AFMMAST continues to develop research protocols for execution. Some other topics currently in the works are a live tissue vs. synthetic tissue assessment, performance metrics validation study on high-fidelity simulation mannequins, various patient outcomes studies, and a serious medical game validation study. The live tissue versus synthetic tissue assessment will compare the Syndaver synthetic tissue model to live tissue with hopes to validate an alternative for current live tissue training. The serious medical game validation study will include a point of injury scenario that will be implemented at METC to assess performance improvement on NREMT scores for basic EMT students.
MS&T: What emphasis are you placing on gaming technology-based and mobile applications?
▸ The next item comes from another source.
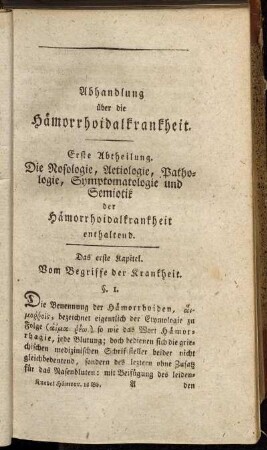 Das erste Kapitel. Vom Begriffe der Krankheit.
We are looking at multiple different media to see which are the most effective. In our Sim 101 course, we have mobile applications as job aids for specific simulators, which can be downloaded from the AFMMAST Portal. The issue with gaming is cost. It is very expensive to develop and maintain/host games that continue to meet the changing medical knowledge and standards of care.
The vision for the serious medical game SBIR project is to provide seamless patient transition throughout the entire continuum of care (including point of injury, EMEDS, AE/CCATT, and definitive care). Gaming may become an important augmentation tool to enhance student cognitive ability. Today’s “digital learners” attention spans are short for traditional didactic learning. Preliminary results of games have shown that they encourage critical thinking, promote active learning, replicate real-life scenarios, and make learning more exciting.
MS&T: Along with the WAVE immersive medic combat training environment, is AFMMAST involved in R&D for any other kinds of virtual operating room environments for clinical team training?
In the SIBR game, a multiplayer environment will allow for teams across the globe to engage in training at the same time. Geographically separated medical teams scheduled to deploy together will be able to log on to a serious medical game online and train together virtually prior to arriving in-theater.